** Activity **
In the records that follow, find the line with "TANDBERG Security Camera"; from there, retype every line exactly through the line with "Recycled Plastic Hexagon", which also belongs to the answer.

** Exercise material **
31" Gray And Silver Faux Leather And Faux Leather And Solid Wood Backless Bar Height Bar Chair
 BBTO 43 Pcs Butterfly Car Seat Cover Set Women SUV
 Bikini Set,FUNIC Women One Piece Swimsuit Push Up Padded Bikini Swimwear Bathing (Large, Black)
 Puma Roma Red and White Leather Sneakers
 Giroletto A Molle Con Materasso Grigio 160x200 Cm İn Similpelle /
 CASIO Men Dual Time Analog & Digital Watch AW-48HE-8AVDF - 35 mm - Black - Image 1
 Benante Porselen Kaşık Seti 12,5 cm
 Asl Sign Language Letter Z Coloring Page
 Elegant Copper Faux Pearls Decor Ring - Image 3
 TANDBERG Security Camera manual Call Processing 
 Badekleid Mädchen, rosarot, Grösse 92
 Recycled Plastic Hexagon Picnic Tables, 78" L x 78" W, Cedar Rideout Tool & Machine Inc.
==
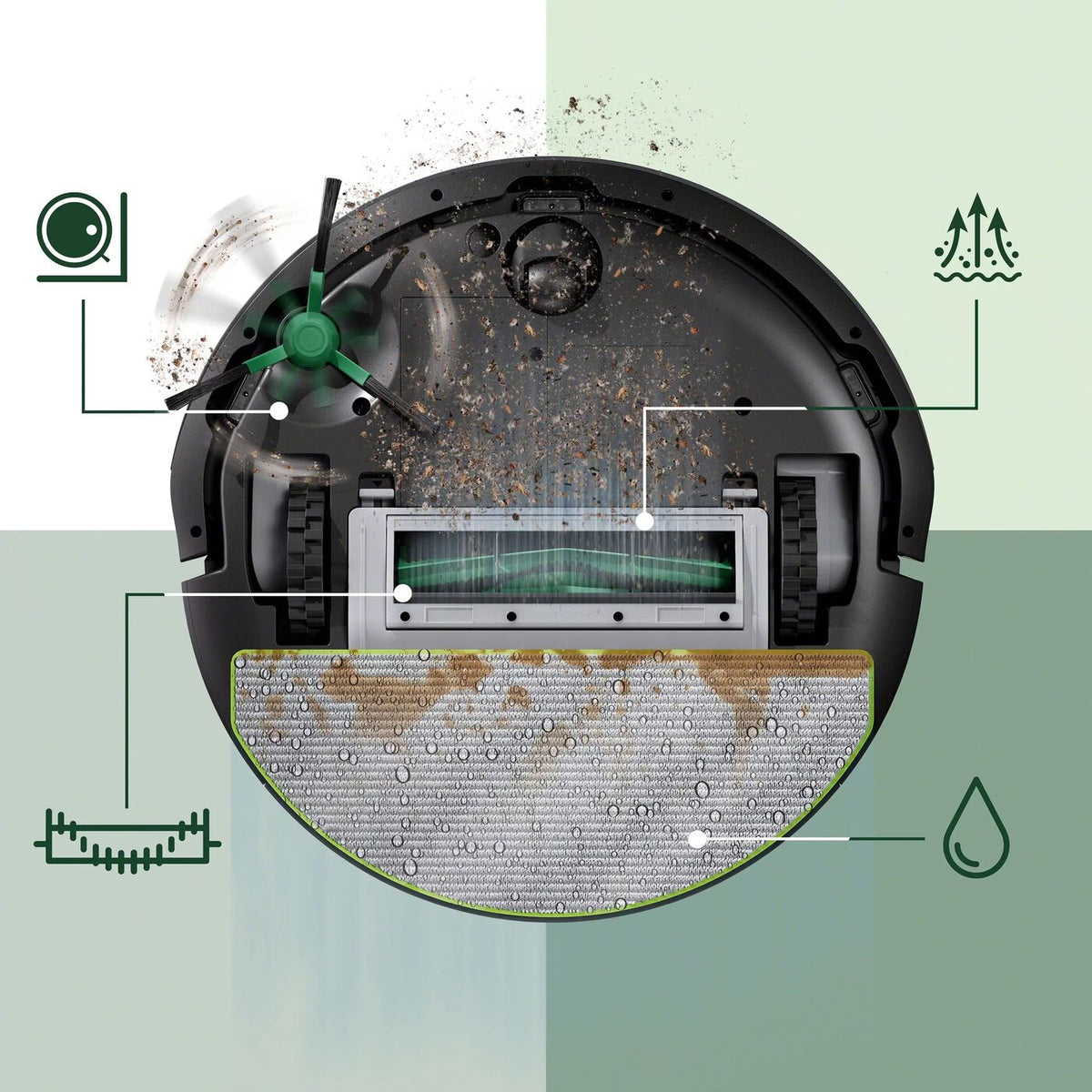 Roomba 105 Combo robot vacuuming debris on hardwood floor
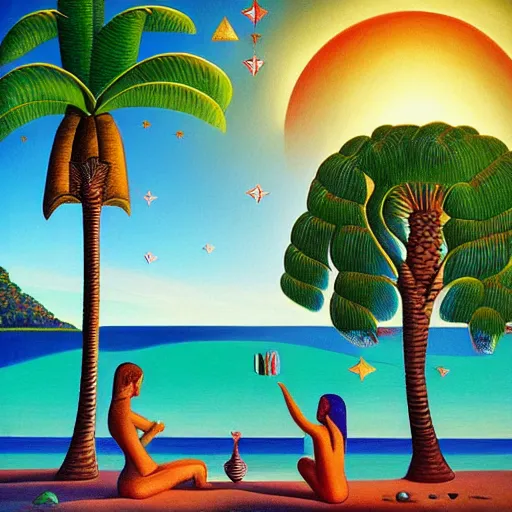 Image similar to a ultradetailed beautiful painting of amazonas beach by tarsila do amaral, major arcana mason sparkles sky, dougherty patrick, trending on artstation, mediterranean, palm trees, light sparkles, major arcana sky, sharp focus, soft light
...
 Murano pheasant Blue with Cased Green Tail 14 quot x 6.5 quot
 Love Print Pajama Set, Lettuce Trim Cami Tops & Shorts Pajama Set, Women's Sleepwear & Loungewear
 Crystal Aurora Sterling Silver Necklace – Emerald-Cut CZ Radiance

** Written response **
 TANDBERG Security Camera manual Call Processing 
 Badekleid Mädchen, rosarot, Grösse 92
 Recycled Plastic Hexagon Picnic Tables, 78" L x 78" W, Cedar Rideout Tool & Machine Inc.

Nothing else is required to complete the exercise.